Define N = 2 n. The array contains N elements.

Define M as the number of times maj appears in the array. The definition of “majority element” is that M > N/2.

Now divide the array into pairs p[1] ... p[n]. Define q0 as the number of pairs that contain zero instances of maj. Define q1 as the number of pairs that contain exactly one instance of maj. Define q2 as the number of pairs that contain exactly two instances of maj.

Then N = 2 q0 + 2 q1 + 2 q2 and M = q1 + 2 q2.

Substitute into the inequality defining the majority element, and simplify:

        M > N / 2
q1 + 2 q2 > (2 q0 + 2 q1 + 2 q2) / 2
q1 + 2 q2 > q0 + q1 + q2
     2 q2 > q0 + q2
       q2 > q0

So the number of pairs containing two instances of maj exceeds the number of pairs containing zero instances of maj.

Now define M' to be the number of times maj appears in the new array, after running your algorithm. The algorithm deletes one maj for each q1 pair, and one maj for each q2 pair. So M' = M - q1 - q2.

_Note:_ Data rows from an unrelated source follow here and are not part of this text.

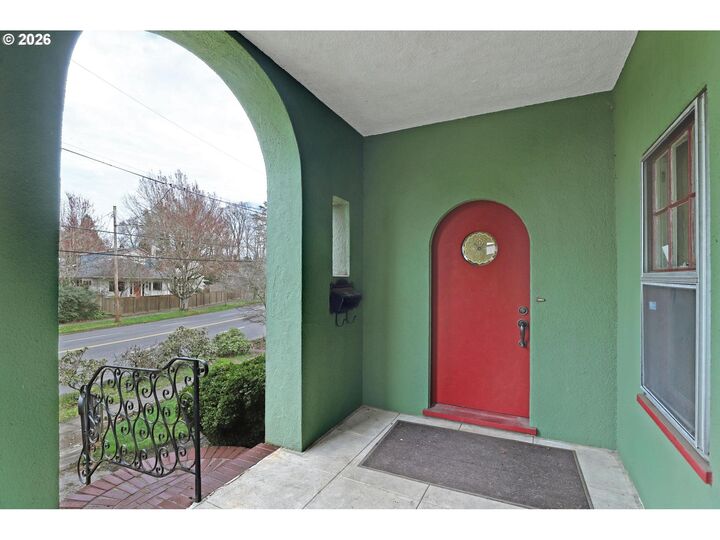 Property Photo:  4212 E Burnside St  OR 97215 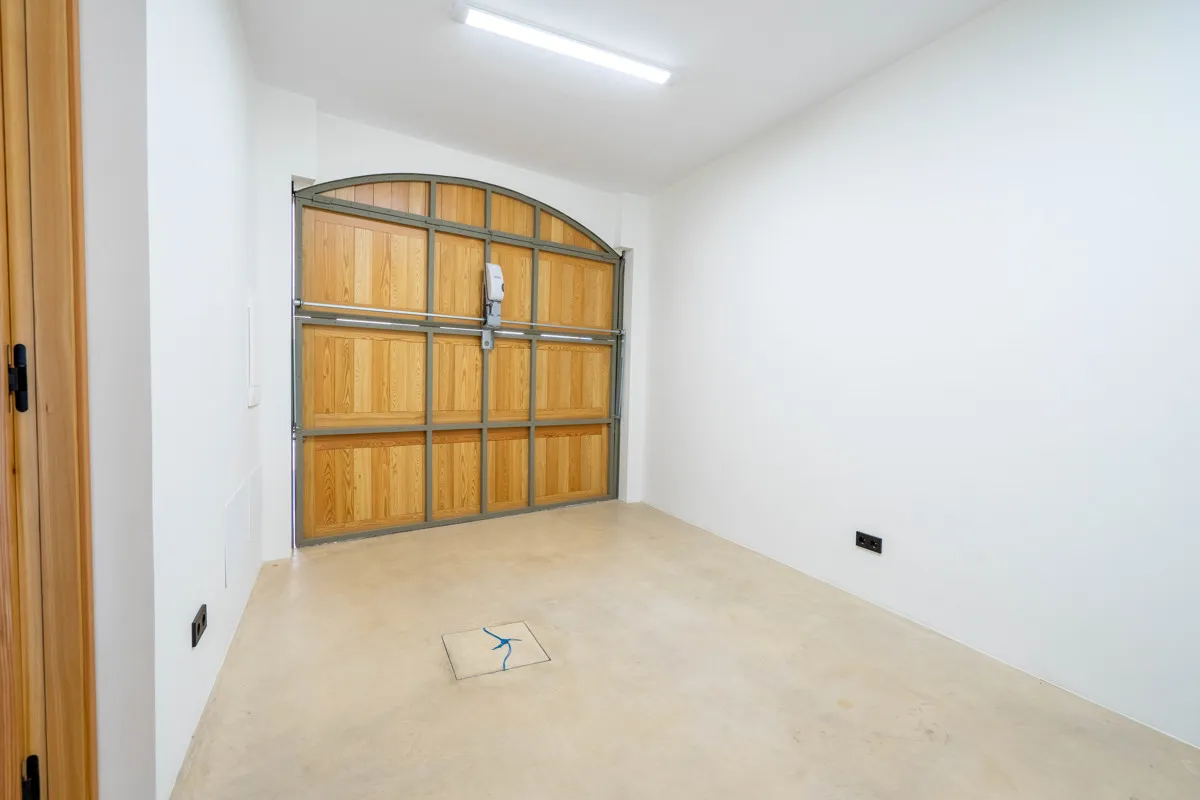 Moderna casa de pueblo con piscina, de reciente construcción, en Biniali-Sencelles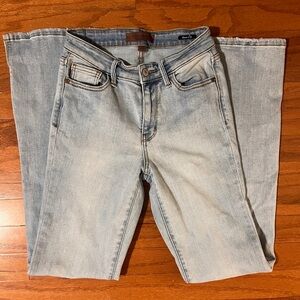 Judy Blue Mid-Rise, slit hem, Boot Cut Jeans size 1/25, Rise 9.5”, Inseam 32”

Define N' to be the size of the new array produced by the algorithm. The algorithm deletes two elements for each q1 pair, and one element for each q2 pair.

But we don't know how many elements the algorithm deletes for each q0 pair. Some of the q0 pairs contain two different elements, and the algorithm deletes both. But the other q0 pairs contain identical (non-maj) elements, and the algorithm deletes only one.

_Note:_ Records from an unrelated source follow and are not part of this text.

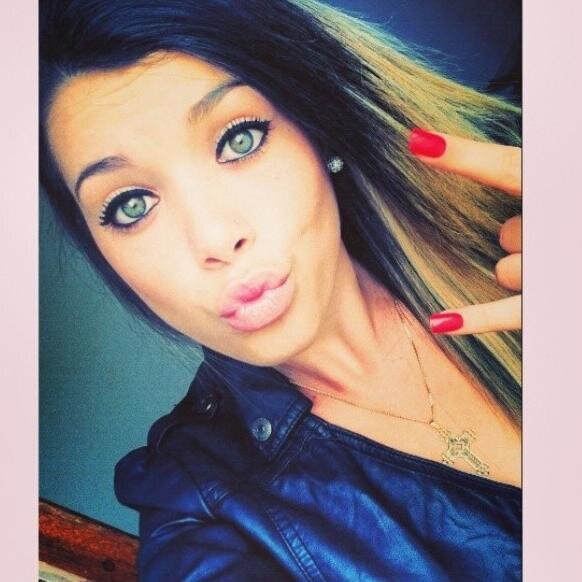 ' Sou como você me vê. Posso ser leve como uma brisa ou forte como uma ventania. Depende de quando e como você me vê passar.  ;)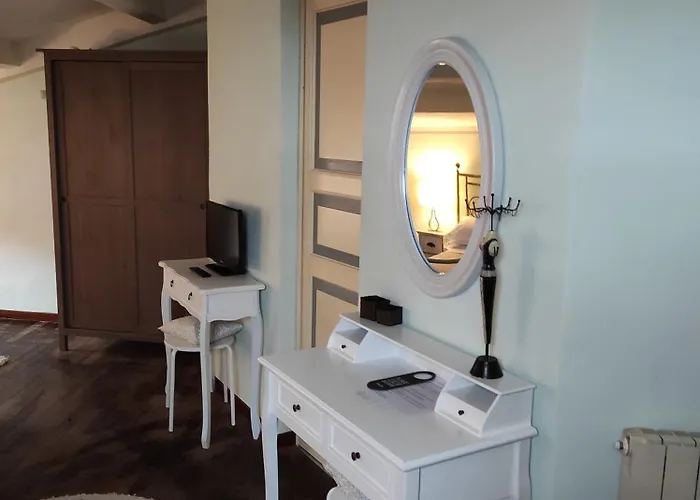 فندق مبيت وإفطار Chez Nous -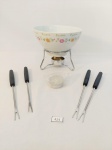 PANELA FONDUE  PARA CHOCOLATE  EM CERÂMICA COM 1 VELA 4 GARFOS, 1 SUPORTE E 1 TIGELA. MEDIDA: TIGELA 13,5 CM D X 7 CM DE ALTURA, VELA 4 CM D, SUPORTE 8,5 CM D X 6 CM DE ALTURA, GARFO 18 CM DE COMPRIMENTO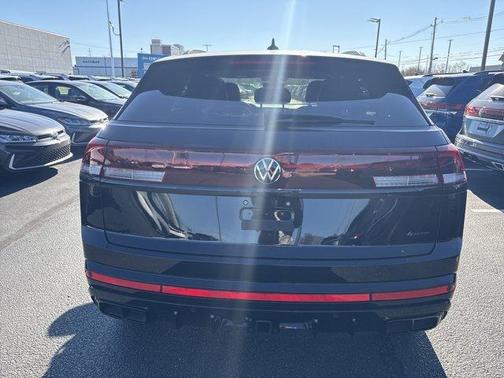 2026 Volkswagen Atlas Cross Sport 2.0T SEL R-Line Black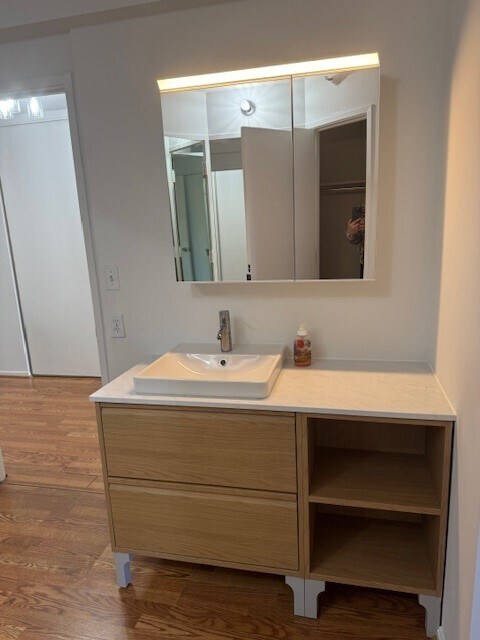 New modern vanity & mirror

One extreme is that all of the q0 pairs are deleted entirely. In that case, the algorithm deletes 2 q0 elements, so

N - 2 q1 - q2 - 2 q0 ≤ N'

The other extreme is that only one element is deleted from each q0 pair. In that case, the algorithm deletes q0 elements, so

N - 2 q1 - q2 - q0 ≥ N'

Let's go back to the definition of “majority element” and do some algebra:

          M > N / 2
M - q1 - q2 > N / 2 - q1 - q2
M - q1 - q2 > (N - 2 q1 - 2 q2) / 2
M - q1 - q2 > (N - 2 q1 - q2 - q2) / 2

The left-hand side is M'.

M' > (N - 2 q1 - q2 - q2) / 2

Can we turn the right-hand side into N' / 2? First, multiply both sides by 2:

2 M' > N - 2 q1 - q2 - q2

Recall that we proved q2 > q0. Therefore

2 M' > N - 2 q1 - q2 - q2 > N - 2 q1 - q2 - q0

and, since we deduced N - 2 q1 - q2 - q0 ≥ N',

2 M' > N - 2 q1 - q2 - q0 ≥ N'

so

2 M' > N'
  M' > N' / 2

Thus maj appears sufficient times in the new array to be the majority element of the new array. QED.

Answer 3

Here's my variant of the proof:

Consider the 4 cases for pairs arr[i] and arr[i+1] (or vice versa, order with the pair is not important), i is odd. Let maj be the major element and min is any minor element:

1. maj maj - let the number of such pairs be a
2. maj min - let the number of such pairs be b
3. min1 min2 - let the number of such pairs be c, min1 != min2
4. min1 min1 - let the number of such pairs be d

a, b, c, d are all >= 0.

Case 1 contributes 2 to the original sum of major elements |maj| and decreases the final sum of major elements |maj|' (after execution of the algorithm) by 1

Case 2 contributes 1 to |maj| and 1 to |min|, the original sum of all minor elements, and decreases |maj|' by 1 and |min|' by 1

Case 3 contributes 2 to |min| and decreases |min|' by 2

Case 4 contributes 2 to |min| and decreases |min|' by 1

Therefore, the total number of major elements in the original array arr[] is:

|maj| = 2a + b

While the number of all minor elements is:

|min| = b + 2c + 2d

Since |maj| > |min| ,

2a + b > b + 2c + 2d
    2a > 2c + 2d
     a > c + d

After running the algorithm, the new number of major elements is given by:

|maj|' = |maj| - a - b

and the new number of minor elements is:

|min|' = |min| - b - 2c - d

Substituting we get:

|maj|' = 2a + b - a - b           = a
|min|' = b + 2c + 2d - b - 2c - d = d

Since we know from above that c + d < a, and a, c, d are all >= 0, we have

a > c + d =>
a > d =>
|maj|' > |min|'

Therefore maj is still the major element in the new array.